Wednesday, January 29, 2020

Poking a hole through a firewall

Allowing highly critical network services such as Oracle (1521/tcp), MySQL (3306/tcp), MSSQL (1433/tcp) through firewalls to untrusted network are similar to poking a hole through a firewall.

For example, leaving the Oracle Listener port 1521 open to untrusted networks, allow the database to connect to the Internet or the Internet to connect with the database. This could introduce significant security vulnerabilities that hackers are likely to exploit. Hackers could enable even more port openings through the firewall, create multithreaded operating system server problems, and enable access to crucial information on databases behind the firewall.

If the database listener services are running without passwords or with weak credentials, then hackers can probe for critical details about the databases on which it is listening. These details include trace and logging information, banner information, and database descriptors and service names, enabling malicious and damaging attacks on the target databases.

When it comes to database traffic, it is always recommended to encrypt network traffic when transmitting over untrusted networks. For example you may  utilize Oracle Advanced Security to encrypt network traffic between clients, databases, and application servers.

Further I recommend to harden the host operating system of the database server by disabling all unnecessary operating system services. Many UNIX and Windows services are not necessary for most deployments. Such services include FTP, TFTP, TELNET, and so forth. For each disabled service, be sure to close both the UDP and TCP ports. Leaving either type of port enabled leaves the operating system vulnerable.

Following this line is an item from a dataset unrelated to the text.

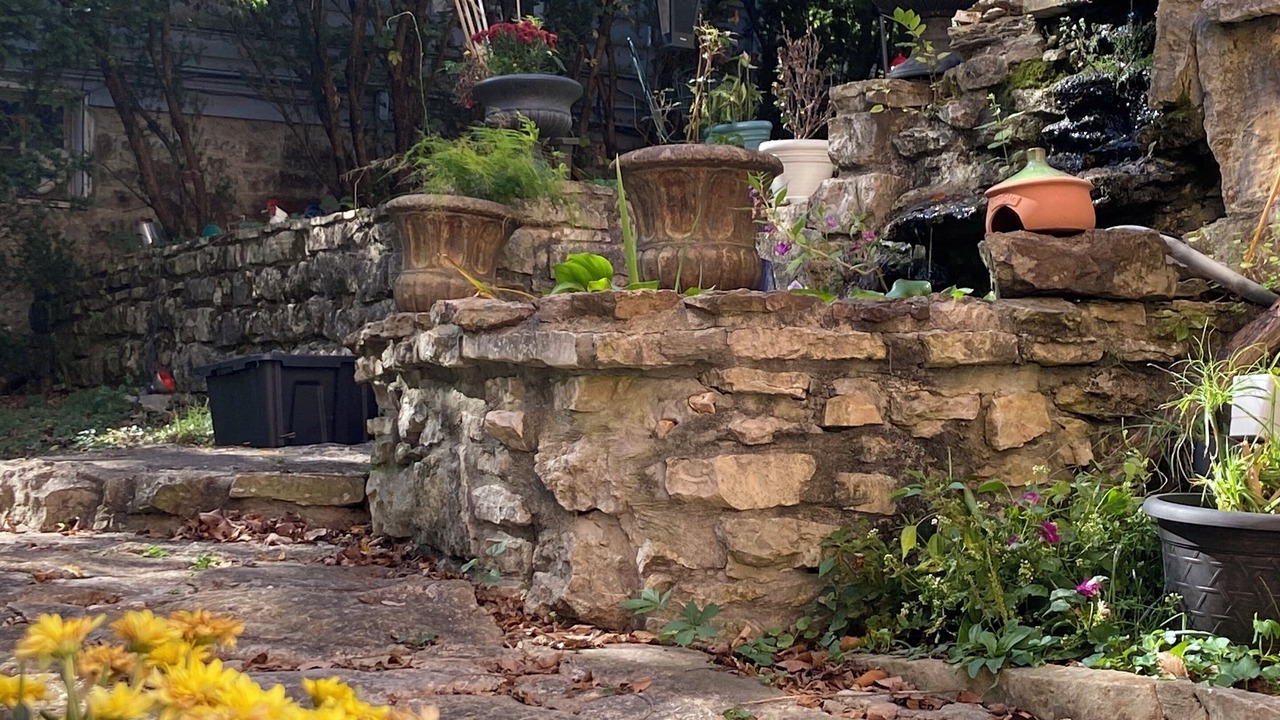 Photo of Outdoor in Eureka Springs Historic District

Finally It is generally not acceptable to allow all source addresses to access your server management ports (22 for Linux SSH and 3389 for Windows RDP) or database (1433 for SQL Server, 1521 for Oracle, and 3306 for MySQL). Be as specific as practical about who can reach these ports. When it is impractical to define source IP addresses for network management, you might consider another solution like a remote access VPN as a compensating control to allow the access required and protect your network.